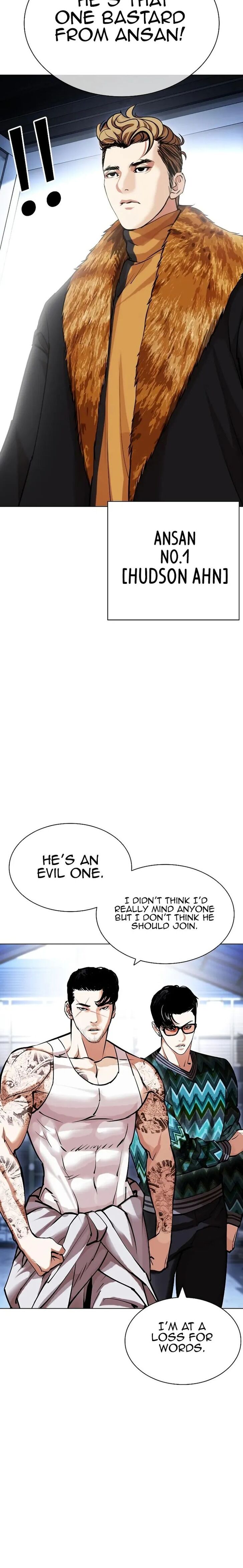 Read Lookism (en) Manga Online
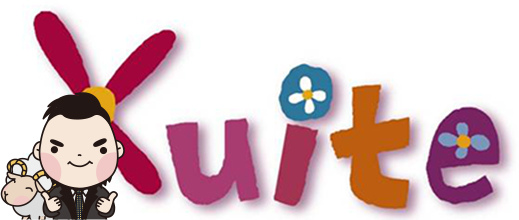 Xuitwlogo Xuitwlogo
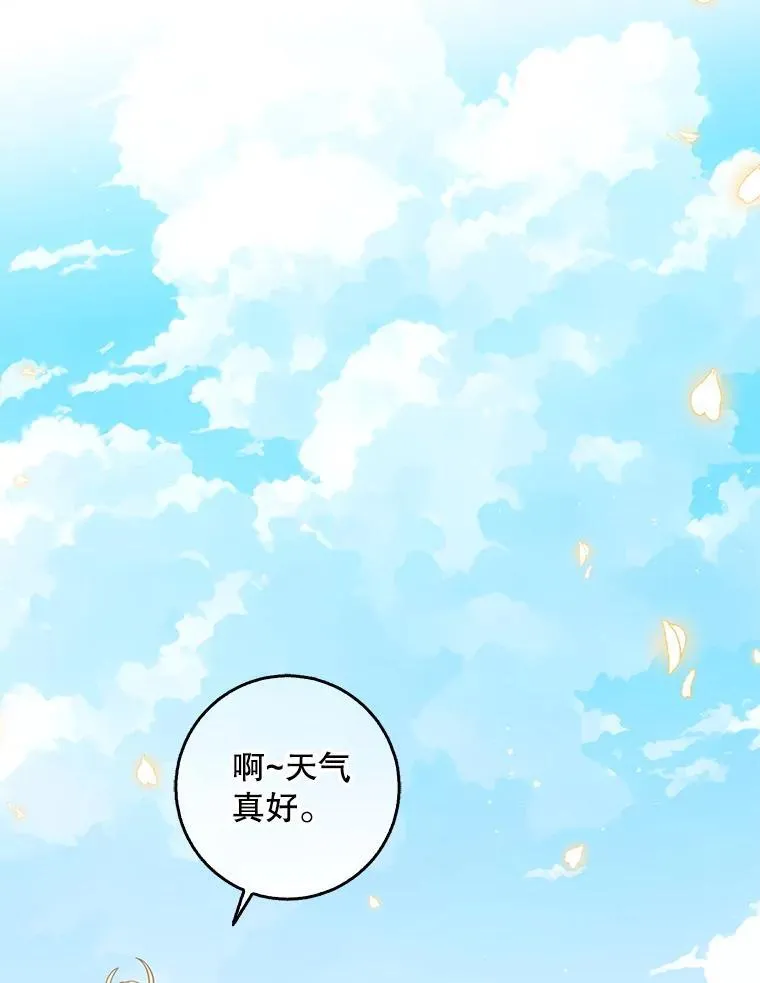 117.求婚（本季完）62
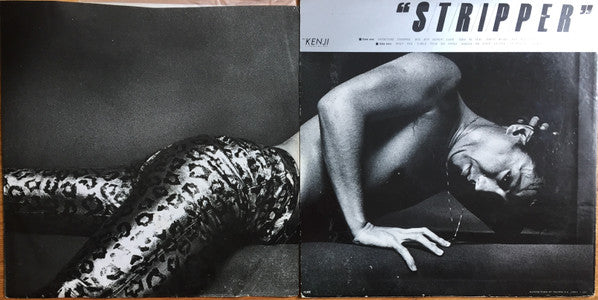 Kenji Sawada - Stripper (Vinyl, LP, Album)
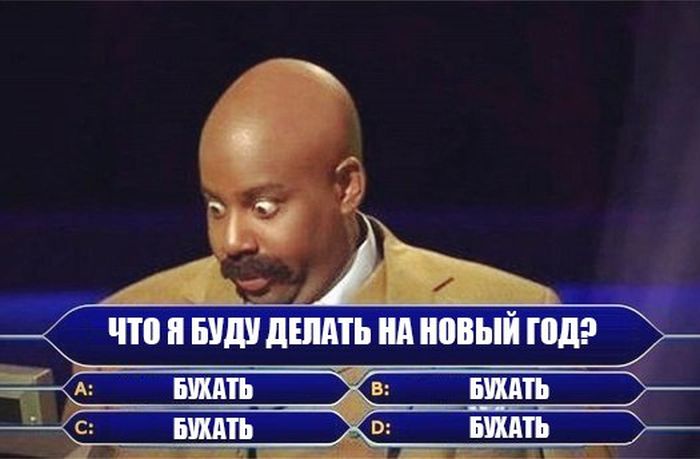 Порция картинок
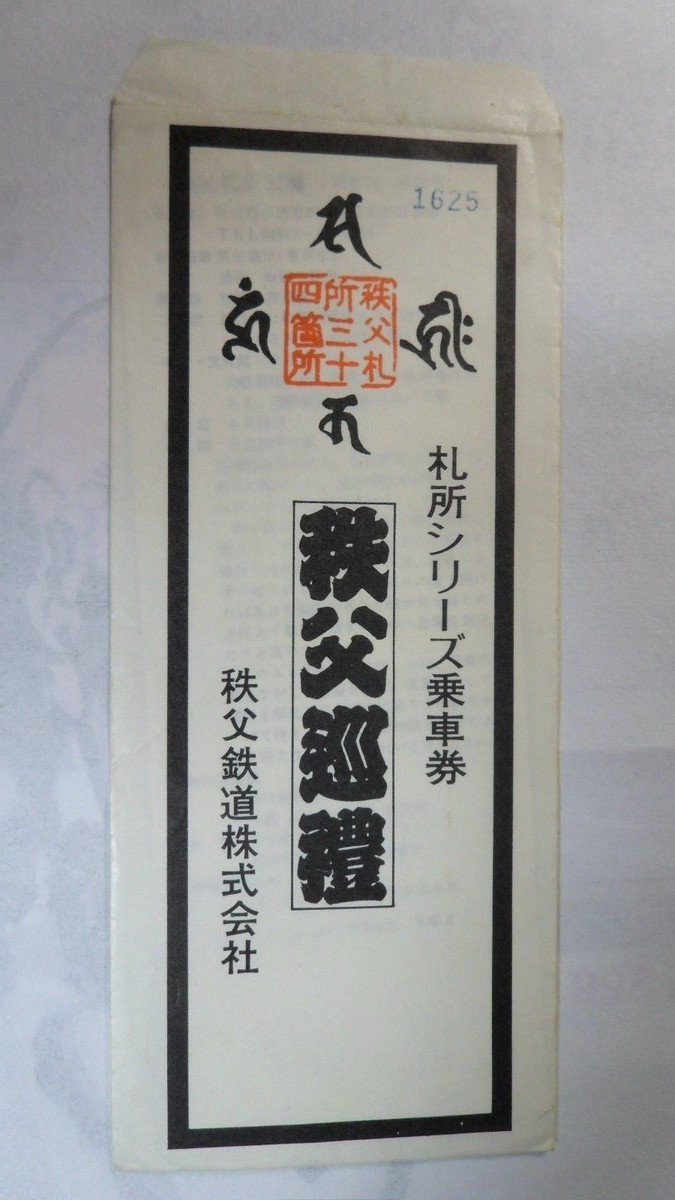 ビンテージチケット Japan Commemorative Ticket Pass, Jichibu Line, 1977, Unused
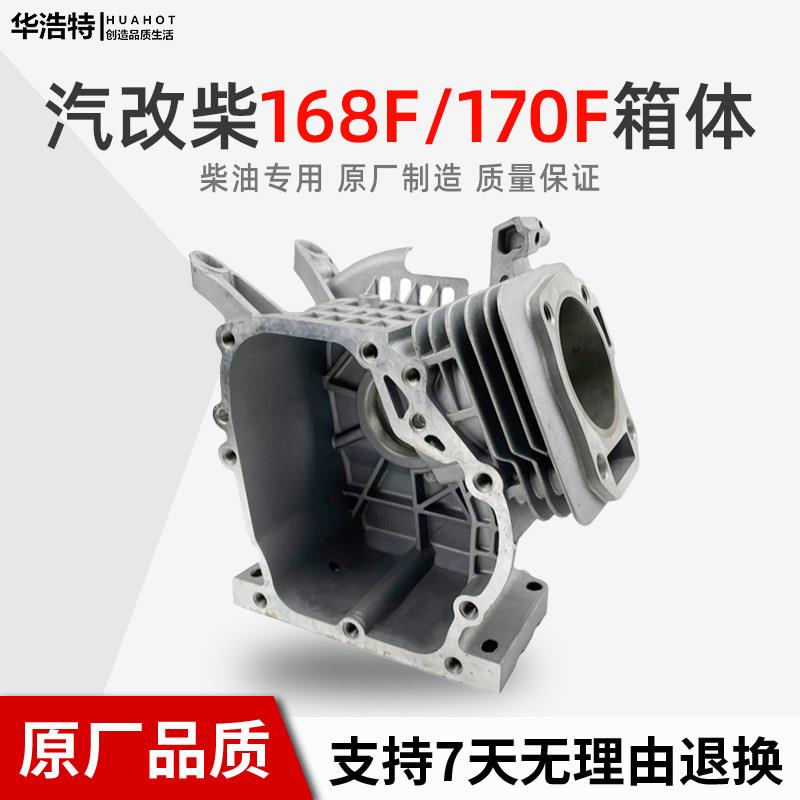 风冷柴油机拓普款配件系列168F/170F汽改柴箱体 机体机壳专用改装
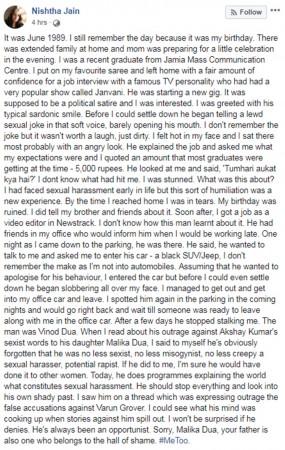 Nishtha Jain, Vinod Dua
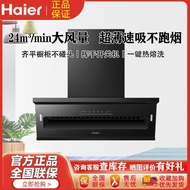 Hood dapur Haier yang bergaya untuk kegunaan rumah, kapasiti sedutan besar 24m³, sedutan ganda atas 
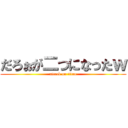 だろぉが二つになったｗ (attack on titan)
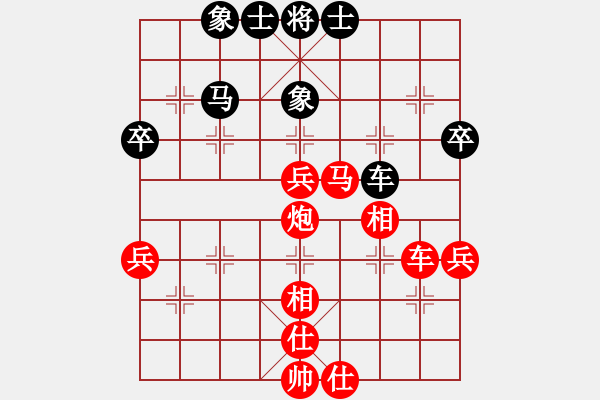 象棋棋譜圖片：第04輪 第03臺 陜西 李小東 先勝 山西太原 葛永強 - 步數(shù)：70 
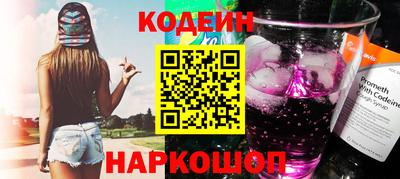 меф VHQ Изобильный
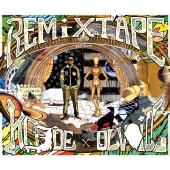 REMIX TAPE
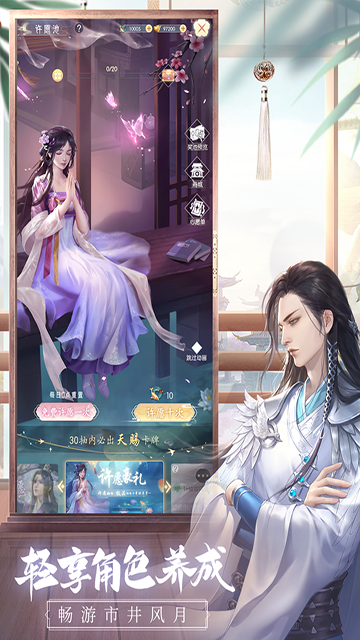 盛唐烟雨手游下载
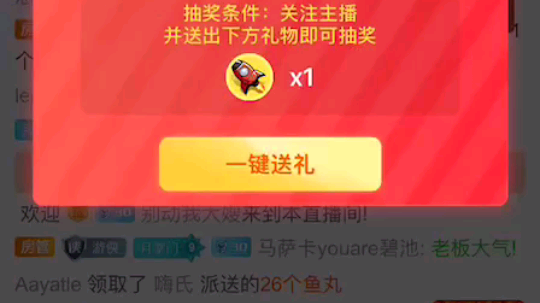 [呲牙]@嗨氏 感谢嗨嗨 天才少年么么哒[色][色][色][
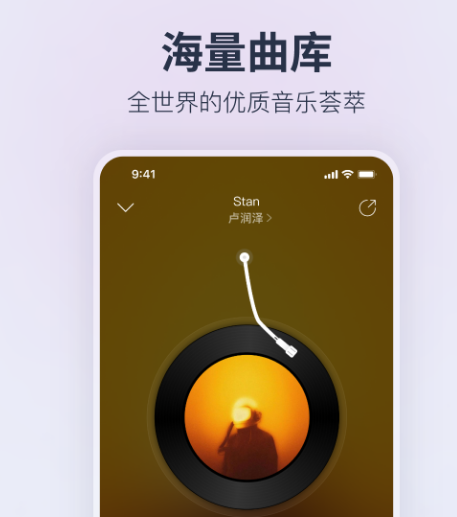 哪些听歌软件最好最全还不用钱的 最好最全还免费的听歌app分享截图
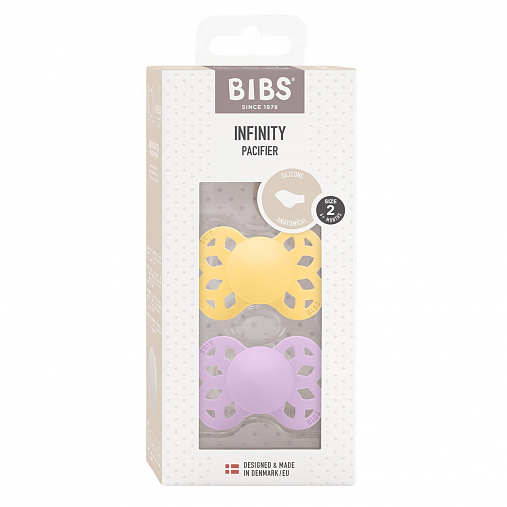 Набор пустышек силиконовых BIBS Infinity Anatomical, 2 шт. - Pale Butter/Violet Sky, 6+ мес.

________________________________________

Output the material word for word. Pictures do not go in.

 Read Lookism (en) Manga Online
 Xuitwlogo Xuitwlogo
 117.求婚（本季完）62
 Kenji Sawada - Stripper (Vinyl, LP, Album)
 Порция картинок
 ビンテージチケット Japan Commemorative Ticket Pass, Jichibu Line, 1977, Unused
 风冷柴油机拓普款配件系列168F/170F汽改柴箱体 机体机壳专用改装
 Nishtha Jain, Vinod Dua
 Hood dapur Haier yang bergaya untuk kegunaan rumah, kapasiti sedutan besar 24m³, sedutan ganda atas 
 だろぉが二つになったｗ (attack on titan)
 象棋棋譜圖片：第04輪 第03臺 陜西 李小東 先勝 山西太原 葛永強 - 步數(shù)：70 
 меф VHQ Изобильный
 REMIX TAPE
 盛唐烟雨手游下载
 [呲牙]@嗨氏 感谢嗨嗨 天才少年么么哒[色][色][色][
 哪些听歌软件最好最全还不用钱的 最好最全还免费的听歌app分享截图
 Набор пустышек силиконовых BIBS Infinity Anatomical, 2 шт. - Pale Butter/Violet Sky, 6+ мес.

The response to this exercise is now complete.